In American society, violence is rampant. There are many reasons for it. One reason I understand intimately—the rage that results from early invasive medical procedures.
As I’ve mentioned many times, at one-month-old I was operated on for a stomach blockage, called pyloric stenosis. Anesthesia and pain control were not given; in their place, I received a muscle paralyzer so I was conscious for the surgery but unable to move. This protocol was typical of the times. Babies didn’t feel pain, was medicine’s mantra.
Every time I write this, I am incredulous about how this type of assessment could have been made. By mere observation, it is clear that newborns can feel pain. Any mother will tell you this.
Rage can result from early mistreatment. I speak for myself and for many who’ve experienced early trauma. What helplessness we felt! What physical pain! Unless a caregiver takes an active part in understanding and soothing the resulting trauma, as we grow, anger can boil up, especially in times of stress such as adolescence and early adulthood. These transitions can be very difficult for people with unresolved, preverbal trauma.

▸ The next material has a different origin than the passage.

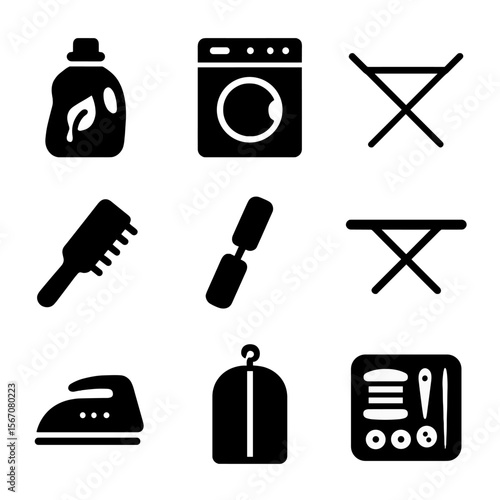 Fabric Care Icons. Solid, filled icon set of fabric care items: fabric softener, washing machine, drying rack, fabric brush, lint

Oftentimes, I was puzzled by my angry actions. As a young girl, I picked relentlessly at my skin, biting cuticles raw and ripping skin off my toes until they bled. Once when I was seven, I stabbed at, but missed, a playmate’s hand with my penknife—he had pulled the head off my doll! In 7th and 8th grades, I bullied myself and others: I self-harmed with razor blades and flashed a switchblade at others, ready to lash out. The list goes on into adulthood until in my mid-twenties, I finally realized the origin of this rage through my practice of writing and the intervention of a therapist.

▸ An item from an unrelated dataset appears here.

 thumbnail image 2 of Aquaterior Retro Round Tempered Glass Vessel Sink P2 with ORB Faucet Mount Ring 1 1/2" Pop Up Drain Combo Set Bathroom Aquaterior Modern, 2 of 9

It’s hard not to judge oneself harshly for our past cruel actions. If, however, we understand the origins of our rage, we can be more forgiving. Self-kindness is key. One of the most important things we can do for ourselves as survivors of early invasive medical procedures is to nurture ourselves with understanding and compassion. In this way, we create peace within ourselves and, as a result, peace in the world. Until we resolve the root of our pain, we rage on. We got violence.